With its purpose being the healing of racism, the Center thoughtfully established the goals that would guide this achievement. These goals call for the creation of a safe and accepting environment in which people can explore issues of racism, recognize its manifestations, examine assumptions and beliefs, understand its impact on themselves and others, and receive the support and encouragement to begin the healing process. In addition, the Center recognizes benefits to be derived from actively seeking to build coalitions with other groups and associations that share a commitment to racial justice.

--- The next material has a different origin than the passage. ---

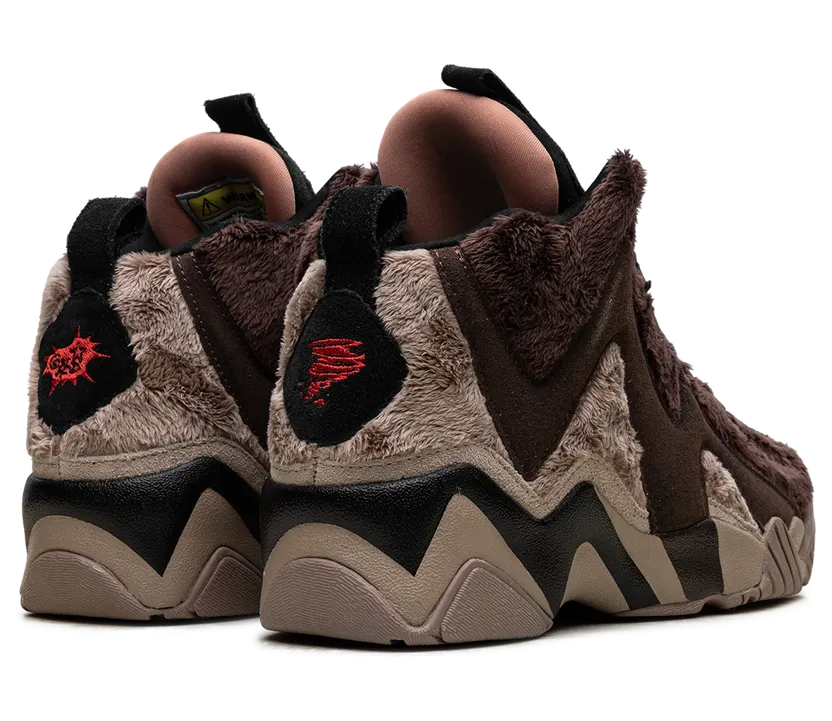 reebok-hurrikaze-2 GW4277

The hallmark of the Center, the program called Dialogue: Racism, started as a series of public meetings, with a small group of persons gathered to share their experiences. From these meetings, study and research evolved the unique Dialogue program, its facilitators, core curriculum, and interaction techniques. The Center’s offerings now include the nine-week Dialogue series, intensive weekend workshops, a summer film series, a Speaker’s Bureau, a quarterly newsletter, and a resource library of videos and publications. In addition a program called “Opening the Breadbasket” was created in late 1997 to teach young children about the oneness of humanity. It has been offered in a number of schools and was well received.
What sets the Center apart from other groups working on the issue of racism is its emphasis on healing. It’s service to the community has a strong educational base. Its aim is to first educate about racism, then facilitate the process by which individuals can begin to counter the effects of racism in their lives and become empowered to interrupt the cycle of racist attitudes. First the awakening arid then the healing.
The co-directors are the primary service providers. However, the talents of many members are regularly drawn upon to fulfill speaking engagements, conduct workshops etc. This non-profit organization has been able to grow in the number of participants at Center activities from 60 in 1989 to over 18,000 to date.